Watching asteroids get pummeled by fast-moving space dust could reveal a lot about the rocks — including which ones might make good mining targets.
That's the idea behind a mission concept called MIDEA (short for Meteoroid Impact Detection for Exploration of Asteroids), which would launch tiny robotic scouts to rendezvous with asteroids and then study the material that minuscule impactors blast off them.
Such observations could help scientists identify asteroids that harbor resources that exploration missions could exploit, said Nicolas Lee of Stanford University's Department of Aeronautics and Astronautics, who presented the MIDEA concept in December at the annual fall meeting of the American Geophysical Union (AGU) in San Francisco. [Photos: Asteroids in Deep Space]
"We want to help enable the broad exploration of the solar system for ISRU," Lee told Space.com at the AGU meeting. (ISRU is short for "in situ resource utilization" — a technical term that basically means "living off the land.")
As currently envisioned, MIDEA would employ 6-unit (6U) cubesats — spacecraft just slightly larger than a cereal box — as mother ships. These craft would journey to near-Earth asteroids (NEAs), go into orbit around them and release five to 10 free-flying "ultralight plasma detectors" that would study the plasma generated by micrometeoroid impacts.
Modeling work performed by Lee and MIDEA principal investigator Sigrid Close, an associate professor of aeronautics and astronautics at Stanford, suggests that such impacts occur quite frequently — about one hit per square meter (11 square feet) every 10 days or so for NEAs.

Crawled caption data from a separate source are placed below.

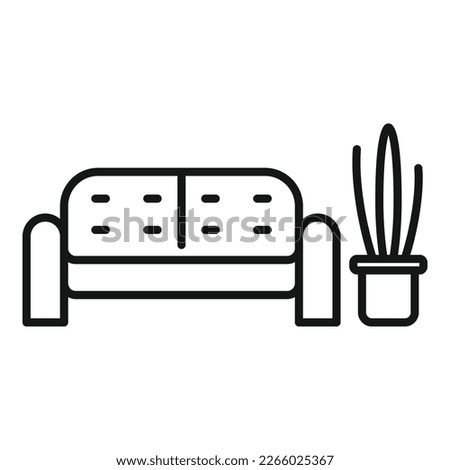 Waiting area sofa icon outline vector. Wait room. Female person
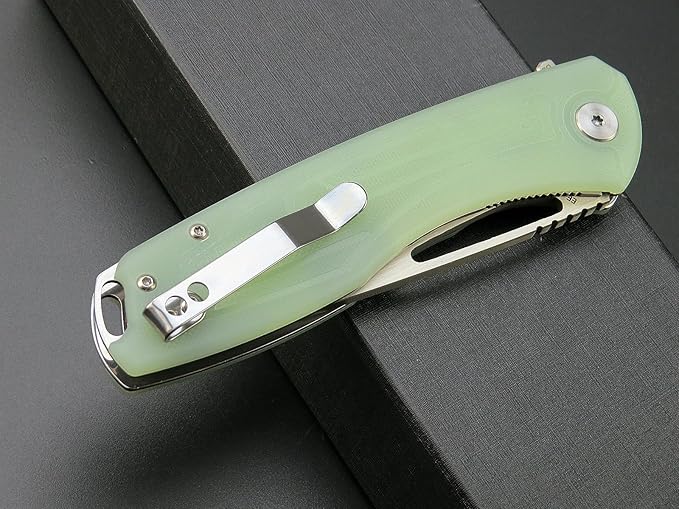 Eafengrow EF233 Folding Knife D2 Steel Blade G10 Handle EDC Tool Knives for Working Camping Hiking(jade)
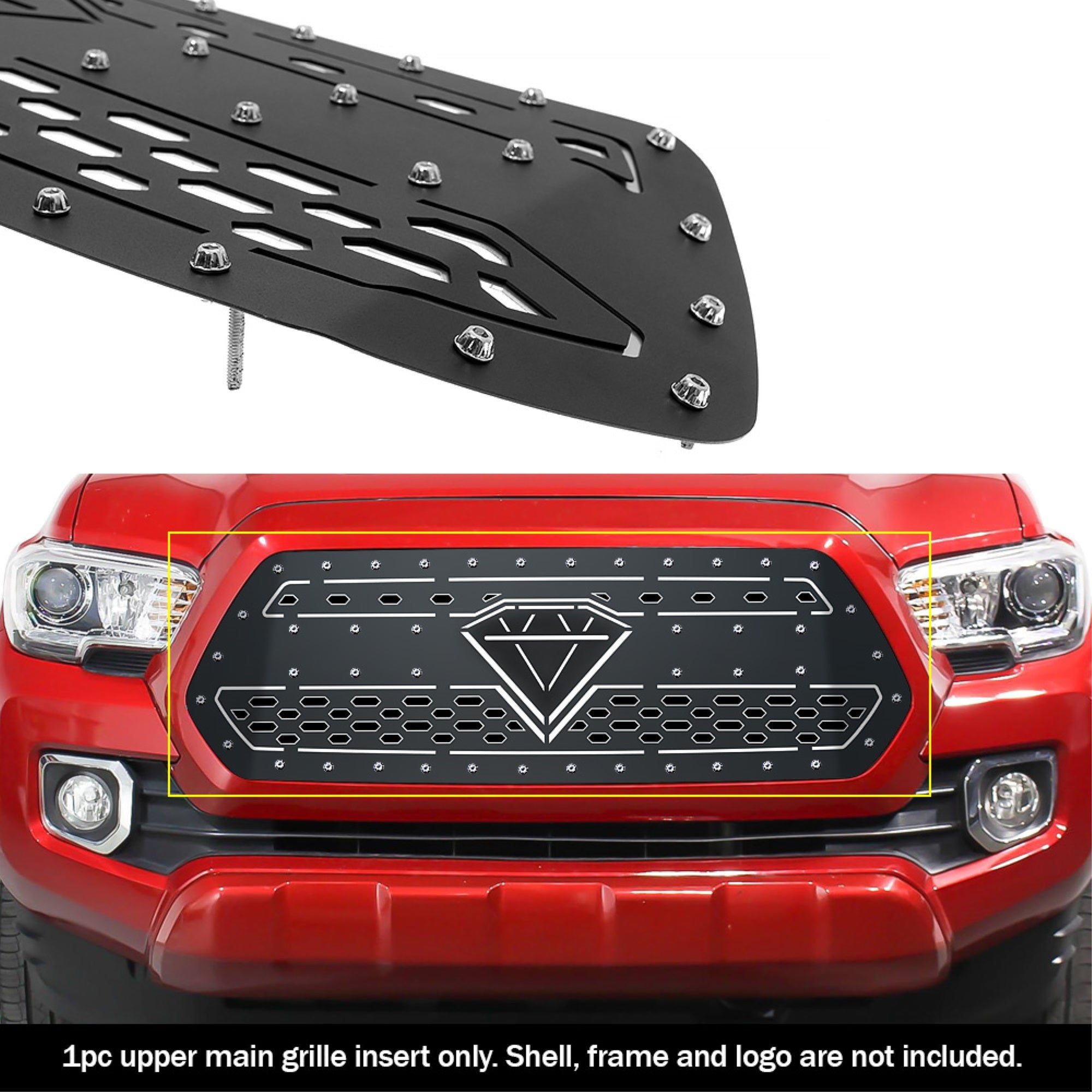 2016-2017 Toyota Tacoma Not Fit With Front Sensor 304 Stainless Steel Black Powder Coated Finish Double Layer Laser Cut Sheet Sheet Grille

"In about two weeks, we should get enough impacts to get an idea of [the composition of] the entire surface," Lee said.
The mother ships would be quite cheap as spacecraft go; Lee said one could probably be built for $10 million to $20 million. Each one would journey to just one NEA. (Visiting multiple asteroids would probably require a mother ship bigger than a 6U cubesat, Lee said.)
There are no construction plans at the moment; MIDEA is just a concept, and much of the current work is focused on developing the technology required for the ultralight plasma detectors, Lee said.
The MIDEA team is currently being funded by NASA's Early Stage Innovations program, he added. If MIDEA does manage to go from concept to full-on mission, spaceflight is likely at least five to 10 years away, Lee said.
That first mission probably wouldn't take a MIDEA craft very far from home.
"I think a LEO [low-Earth orbit] mission would be a good proof of concept," Lee said. "That would make a lot of sense."